Adding __repr__ method based on SparseDataFrames

2025-07-11 00:02:14 +08:00 · 2019-06-24 13:34:06 +00:00 · 2019-06-24 13:34:06 +00:00 · d4250640f1
commit d4250640f1
parent c723633526
7 changed files with 107 additions and 4 deletions
--- a/eland/client.py
+++ b/eland/client.py
@ -21,3 +21,8 @@ class Client():

    def field_caps(self, **kwargs):
        return self.es.field_caps(**kwargs)
+
+    def count(self, **kwargs):
+        count_json = self.es.count(**kwargs)
+        return count_json['count']
+
--- a/eland/frame.py
+++ b/eland/frame.py
@ -30,6 +30,8 @@ from elasticsearch_dsl import Search

 import pandas as pd

+from pandas.core.arrays.sparse import BlockIndex
+
 class DataFrame():
    """
    pandas.DataFrame like API that proxies into Elasticsearch index(es).
@ -251,3 +253,71 @@ class DataFrame():
        df = pd.DataFrame(data=results, index=['count', 'mean', 'std', 'min', '25%', '50%', '75%', 'max'])
            
        return df
+
+    @property
+    def shape(self):
+        """
+        Return a tuple representing the dimensionality of the DataFrame.
+
+        Returns
+        -------
+        shape: tuple
+            0 - number of rows
+            1 - number of columns
+        """
+        num_rows = len(self)
+        num_columns = self.columns
+
+        return num_rows, num_columns
+
+    @property
+    def columns(self):
+        return self.mappings.source_fields()
+
+    def __getitem__(self, item):
+        if isinstance(item, str):
+            if item not in self.mappings.is_source_field(item):
+                raise TypeError('Column does not exist: [{0}]'.format(item))
+            return Column(item)
+        elif isinstance(item, BooleanFilter):
+            self._filter = item.build()
+            return self
+        else:
+            raise TypeError('Unsupported expr: [{0}]'.format(item))
+
+    def __len__(self):
+        """
+        Returns length of info axis, but here we use the index.
+        """
+        return self.client.count(index=self.index_pattern)
+
+    # ----------------------------------------------------------------------
+    # Rendering Methods
+
+    def __repr__(self):
+        # The return for this is display.options.max_rows
+        max_rows = 60
+        head_rows = max_rows / 2
+        tail_rows = max_rows - head_rows
+
+        head = self.head(max_rows)
+
+        num_rows = len(self)
+
+        if (num_rows > max_rows):
+            # If we have a lot of rows, create a SparseDataFrame and use
+            # pandas to_string logic
+            # NOTE: this sparse DataFrame can't be used as the middle
+            # section is all NaNs.
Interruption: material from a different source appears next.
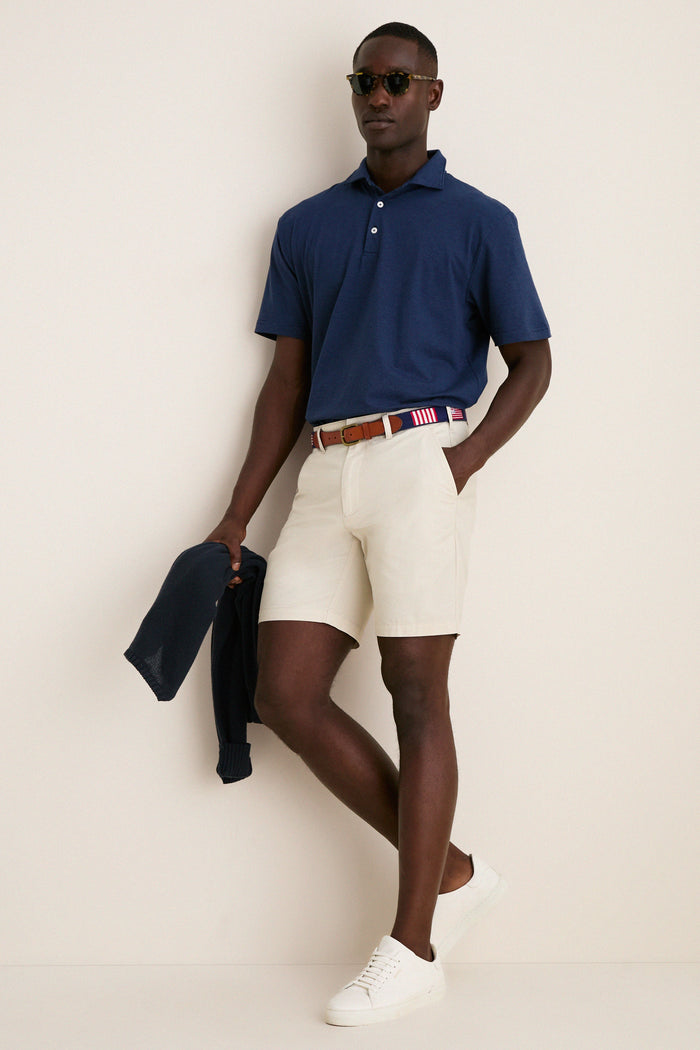 Model in navy Ryles Crown Flex Cotton Polo, classic cutaway collar, with beige chino shorts and red-white belt, embodying effortless, high-end style.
However, it gives us potentially a nice way
+            # to use the pandas IO methods.
+            sdf = pd.DataFrame({item: pd.SparseArray(data=head[item],
+                                                     sparse_index=
+                                                     BlockIndex(
+                                                         num_rows, [0, num_rows-tail_rows], [head_rows, tail_rows]))
+                                for item in self.columns})
+
+            # TODO - don't hard code max_rows - use pandas default/ES default
+            return sdf.to_string(max_rows=max_rows)
+
+        return head.to_string(max_rows=max_rows)
+
--- a/eland/mappings.py
+++ b/eland/mappings.py
@ -298,3 +298,21 @@ class Mappings():
                                          ((self.mappings_capabilities.pd_dtype == 'int64') |
                                           (self.mappings_capabilities.pd_dtype == 'float64'))].index.tolist()
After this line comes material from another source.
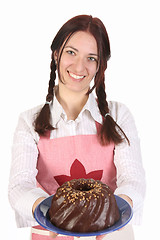 Image showing housewife showing off bundt cake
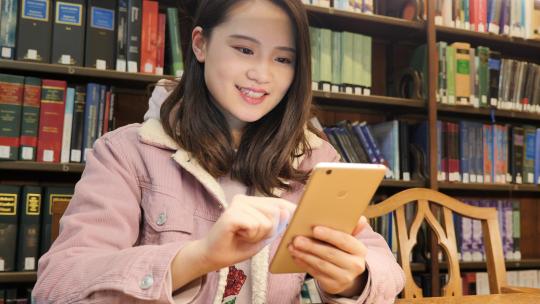 女留学生在图书馆使用电子设备学习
+    def source_fields(self):
+        """
+        Returns
+        -------
+        source_fields: list of str
+            List of source fields
+        """
+        return self.mappings_capabilities[self.mappings_capabilities._source == True].index.tolist()
+
+    def count_source_fields(self):
+        """
+        Returns
+        -------
+        count_source_fields: int
+            Number of source fields in mapping
+        """
+        return len(self.mappings_capabilities[self.mappings_capabilities._source == True].index)
+
--- a/eland/tests/init.py
+++ b/eland/tests/init.py
@ -438,6 +438,7 @@ TEST_MAPPING1_EXPECTED = {
 }

 TEST_MAPPING1_EXPECTED_DF = pd.DataFrame.from_dict(data=TEST_MAPPING1_EXPECTED, orient='index', columns=['es_dtype'])
+TEST_MAPPING1_EXPECTED_SOURCE_FIELD_COUNT = len(TEST_MAPPING1_EXPECTED_DF.index) - 4

 TEST_NESTED_USER_GROUP_INDEX_NAME = 'nested_user_group'
 TEST_NESTED_USER_GROUP_MAPPING = {
--- a/eland/tests/client/test_mappings_pytest.py
+++ b/eland/tests/client/test_mappings_pytest.py
@ -12,11 +12,13 @@ class TestMapping():

    # Requires 'setup_tests.py' to be run prior to this
    def test_mapping(self):
-        mapping = ed.Mappings(ed.Client(ELASTICSEARCH_HOST), TEST_MAPPING1_INDEX_NAME)
+        mappings = ed.Mappings(ed.Client(ELASTICSEARCH_HOST), TEST_MAPPING1_INDEX_NAME)

-        assert mapping.all_fields() == TEST_MAPPING1_EXPECTED_DF.index.tolist()
+        assert mappings.all_fields() == TEST_MAPPING1_EXPECTED_DF.index.tolist()

-        assert_frame_equal(TEST_MAPPING1_EXPECTED_DF, pd.DataFrame(mapping.mappings_capabilities['es_dtype']))
+        assert_frame_equal(TEST_MAPPING1_EXPECTED_DF, pd.DataFrame(mappings.mappings_capabilities['es_dtype']))
+
+        assert mappings.count_source_fields() == TEST_MAPPING1_EXPECTED_SOURCE_FIELD_COUNT



--- a/eland/tests/frame/test_indexing_pytest.py
+++ b/eland/tests/frame/test_indexing_pytest.py
@ -52,3 +52,10 @@ class TestDataFrameIndexing(TestData):
        # don't match the mapping types. This is mainly because the products field is
        # nested and so can be treated as a multi-field in ES, but not in pandas

+    def test_size(self):
+        assert self.pd_flights().shape == self.ed_flights().shape
+        assert len(self.pd_flights()) == len(self.ed_flights())
+
+    def test_to_string(self):
+        print(self.ed_flights())
+